It makes sense to choose pencils that are fairly close together in the range (although perhaps not right next to each other to make sure there is sufficient difference between them). If you want to create a light drawing, in a high and bright key, you will not need a deep soft and dark 9B pencil. In a bright drawing your darkest shade will probably still be fairly light. So you might not need anything darker than a HB. If you want to draw a very dark drawing there is no point (excuse the pun) in using an extremely hard and light pencil such as an H. The thin and fine line of an H pencil will just disappear against the brute darkness of a strong B pencil. So choose your pencils only one or two steps apart: an HB, 2B and 6B for example. Or a 4H, 2H and an HB.
A B pencil will not only give you a soft and black mark, it will only provide a much coarser mark than an H pencil. H pencils are so hard and fine they will provide you with a sharp and fine (but light) mark.They are great for tiny detail and super sharp lines. Dark B pencils are more suitable for expressive dark mark making and less detailed work.
H and B pencils can work very well together when you need to refine a coarse and dark B pencil area. If you go over such a dark area with a hard pencil you can fill up the open texture and create a much softer transition in values.
A hard pencil will be more suitable for very subtle transitions in value and a smooth effect. A soft pencil can create deeper darks but cannot create a smooth application.
You can end up filling the tooth of the paper with graphite and end up with a super smooth and shiny area that will not take any more graphite. The paper will have been flattened by the pressure of your mark making and your continuing mark making will 'buff' the graphite and make it shiny. Working lightly and in layers should avoid this effect, although not everybody minds the shine of graphite.
Pencils can be sharpened with a sharpener (replace regular to keep using a sharp blade), a knife or sandpaper. Choose whichever you prefer.
There are a gazillion erasers out there to choose from. I like Staedtler rubbers and also kneadable rubbers for tiny detail.
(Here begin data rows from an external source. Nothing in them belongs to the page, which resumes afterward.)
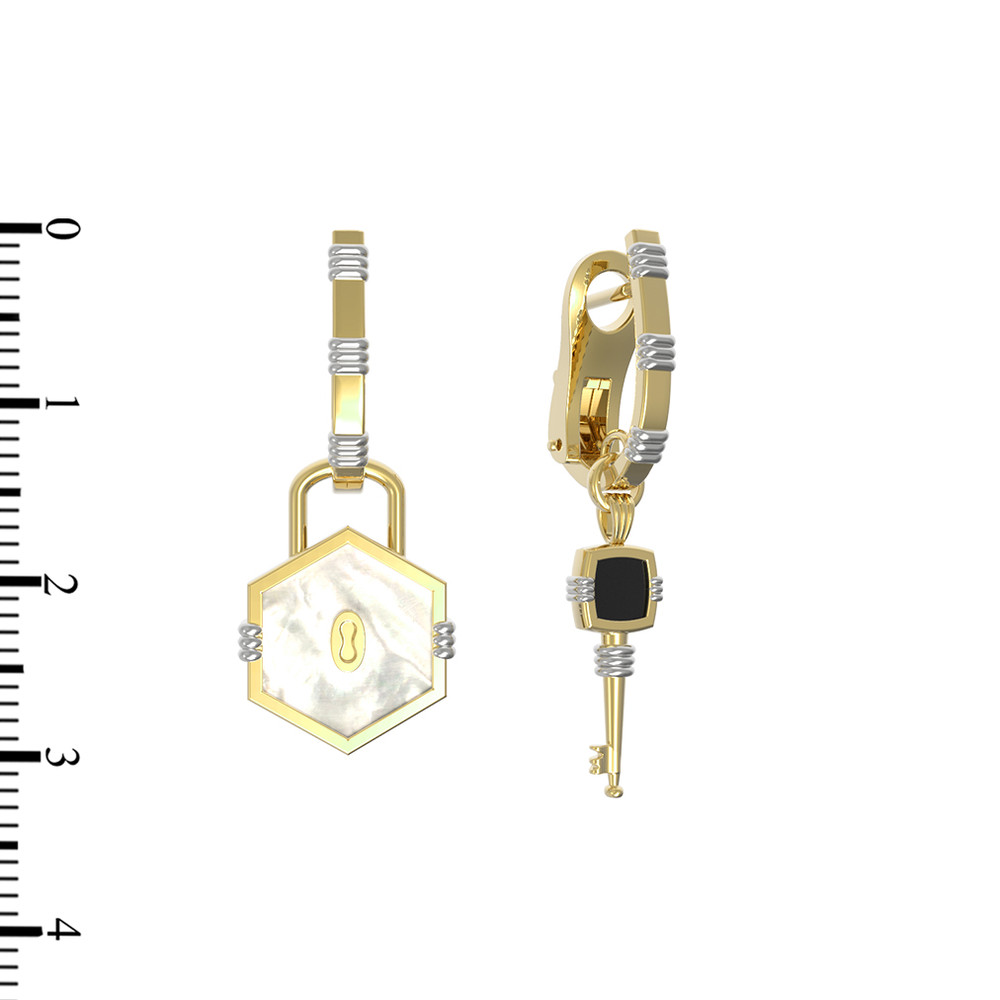 Серьги из лимонного золота 585 пробы c ониксом и перламутром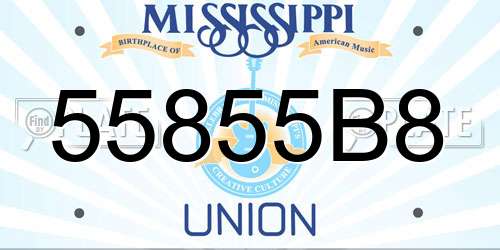 55855B8 Mississippi License Plate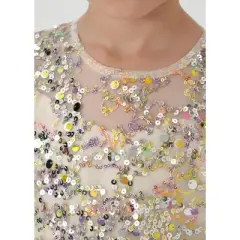 2Bunnies Christmas New Year Holiday Girl Gold Shimmer Sparkle Sequin Dress Puff Sleeve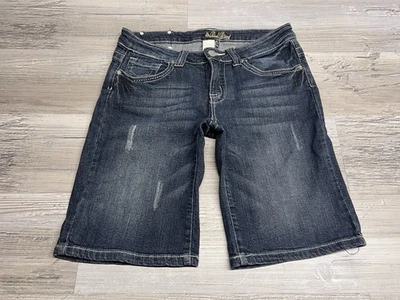 Pantalones Cortos Bermudas Estilo Y2K Rojo Remache Juniors Talla 5 Denim Elástico Lavado Oscuro Foto 1 de 4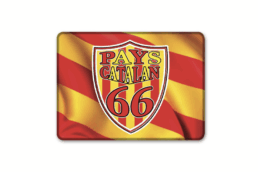 Magnet rectangle souvenir Pays Catalan avec blason 66 sur fond de senyera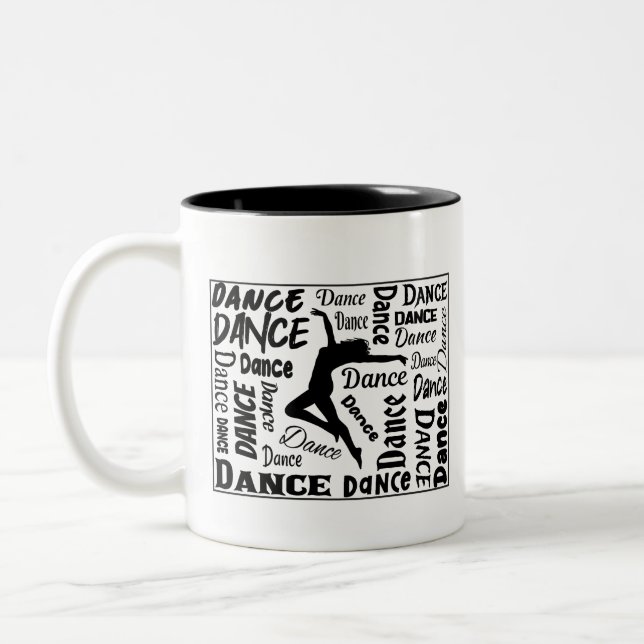Kaffe mugg med Dance-design på den. Du kommer att  (Vänster)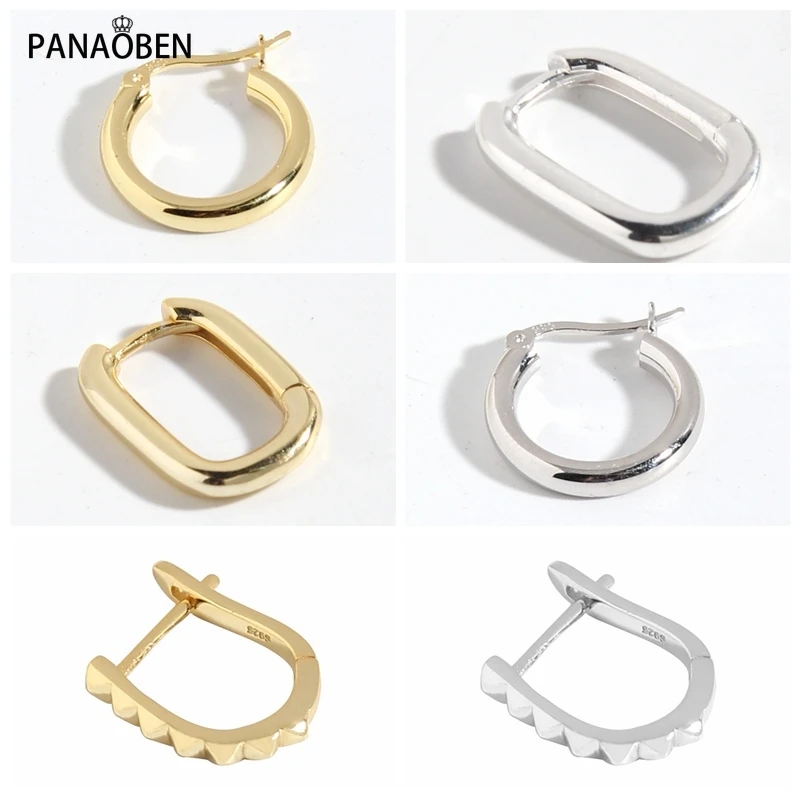 

Серьги-кольца женские из серебра 925 пробы с геометрическим рисунком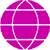 Pink globe with white grid lines on gray background, static image.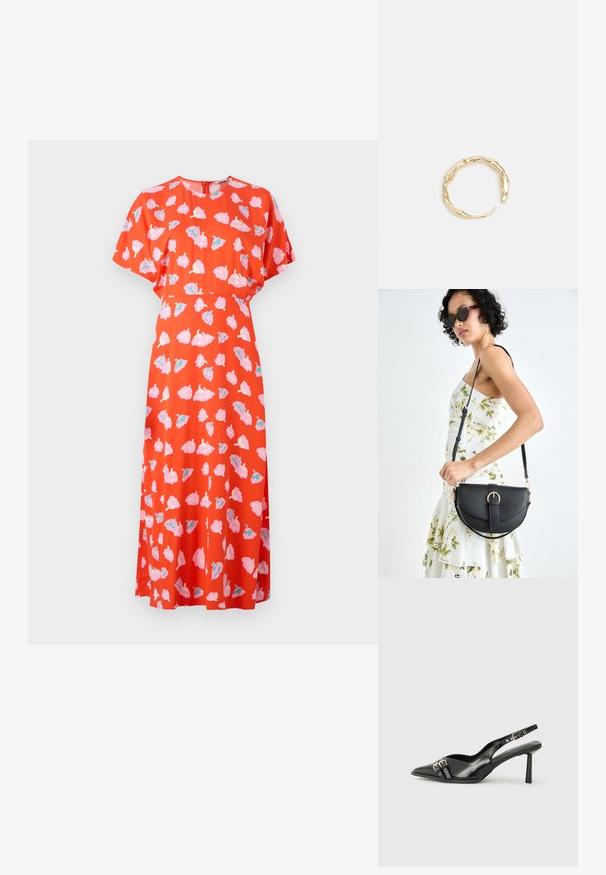 Vestido rojo con mangas cortas, que presenta un patrón floral en rosa y teal. El diseño incluye un escote redondo y una silueta de corte relajado.; Zapato de charol negro tipo slingback con punta afilada, correas al tobillo con hebillas y herrajes de plata, y un tacón delgado.; Bolso de piel negra con forma curva, correa desmontable y herrajes dorados. El bolso cuenta con una solapa con un detalle de hebilla.; Anillo en tono dorado con un diseño orgánico y retorcido, con una textura suave y extremos cónicos, creando una apariencia moderna y escultórica.
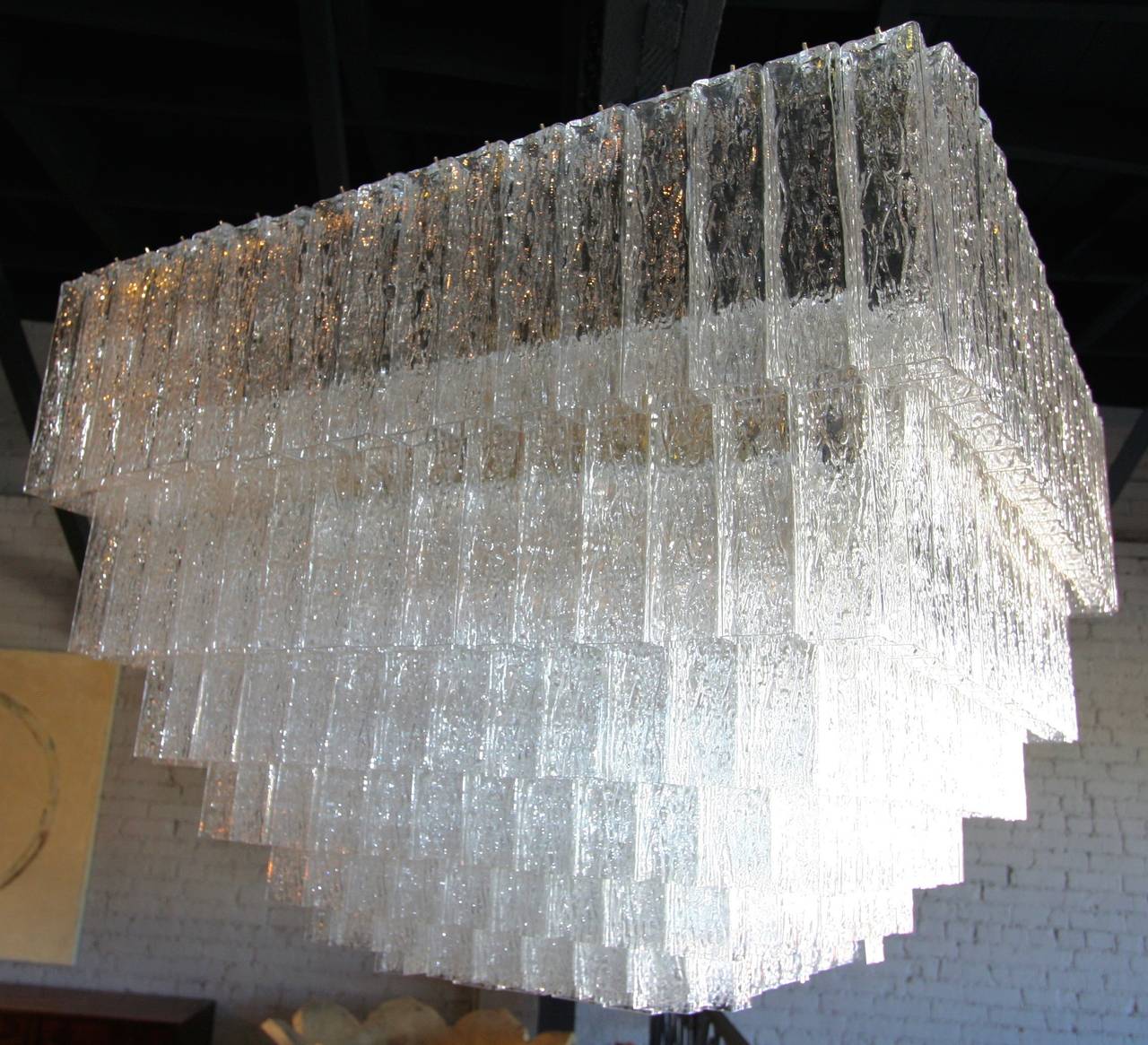 Mid-Century Modern Large Square 1960s Murano Glass Vistosi Chandelier For Sale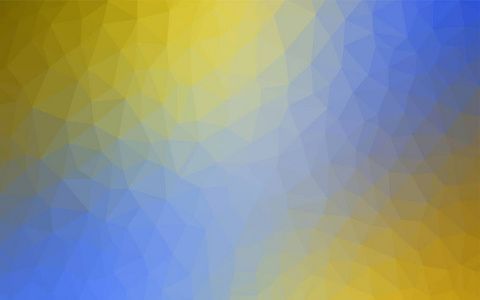 浅蓝色, 黄色矢量三角形镶嵌罩。具有渐变的折纸风格的创造性几何插图。新模板为您的品牌书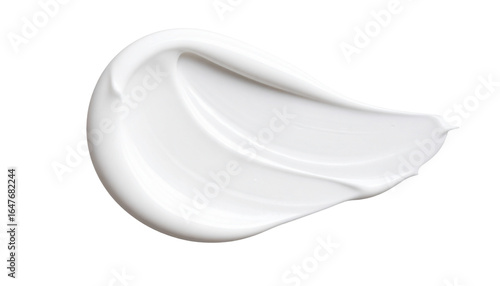 A swatch of white cosmetic cream with a smooth and milky texture isolated on a transparent background png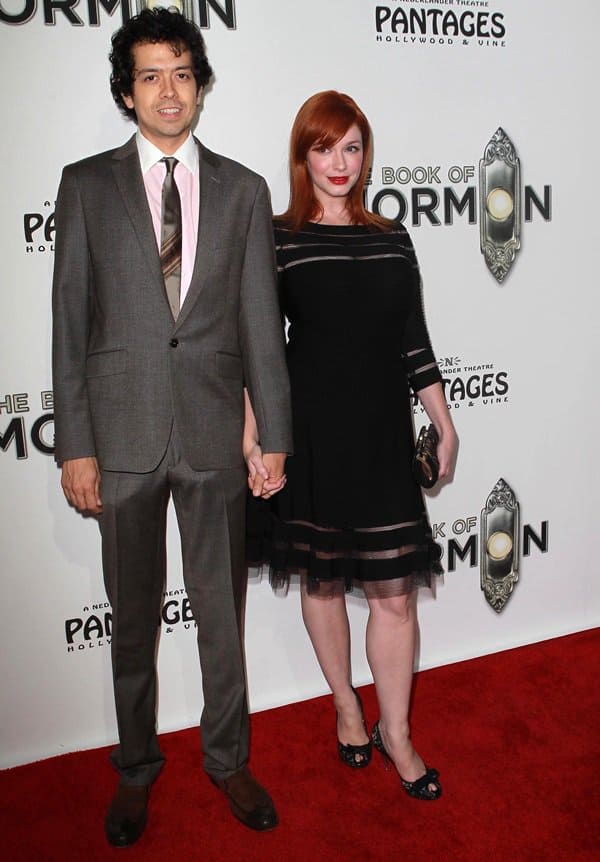 Christina Hendricks and her husband Geoffrey Arend at 'The Book of Mormon' Opening Night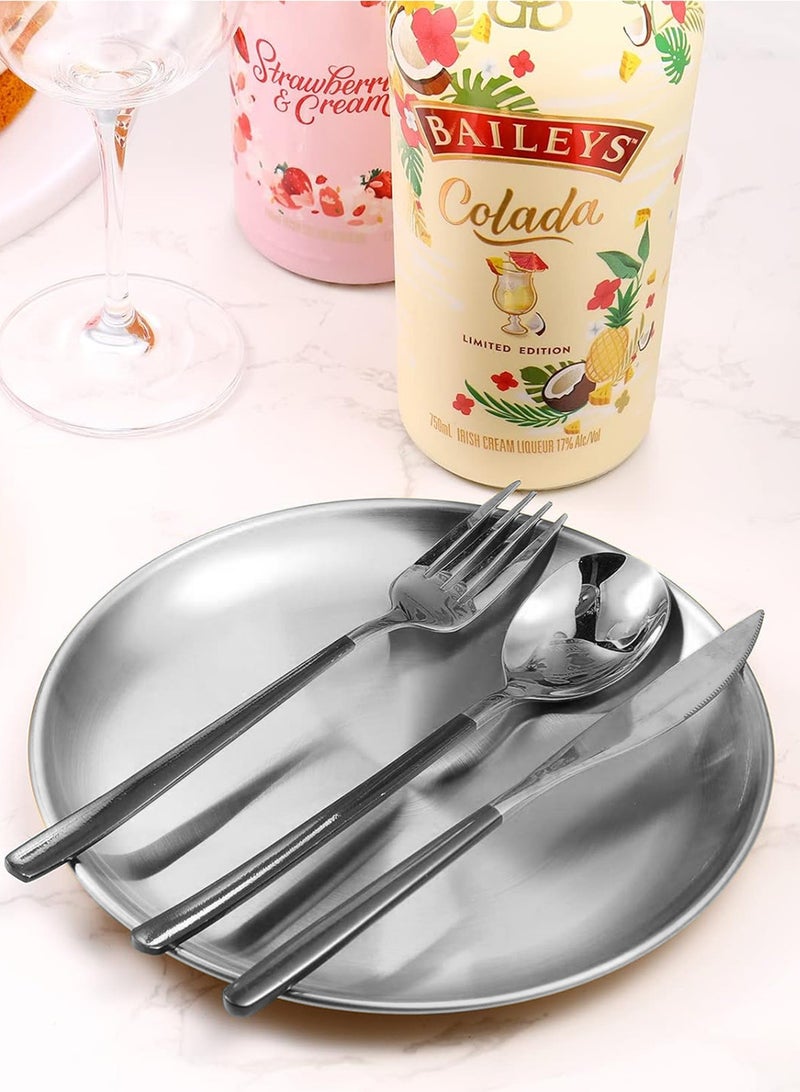 HomarKet 8-Piece Dessert Plates With Rack,6.7-Inch Appetizer Plate Set,Silver Stainless Steel Round Plates Suitable For Food Serving,Cakes Desserts,Salads,Dips,snacks,Side dishes - Image 3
I always aim to not use it too much as graphite can be hard to erase (harder than charcoal) and so for me it pays off to start lightly and work the drawing up from there.
Graphite can be rubbed with a paper stump or the slightly sharper tortillion, tissue, or even fingers (but watch out for skin grease smudging the paper).
Of course graphite can be used in combination with loads of other art materials such as charcoal, pastel, acrylic, watercolour, oils etc.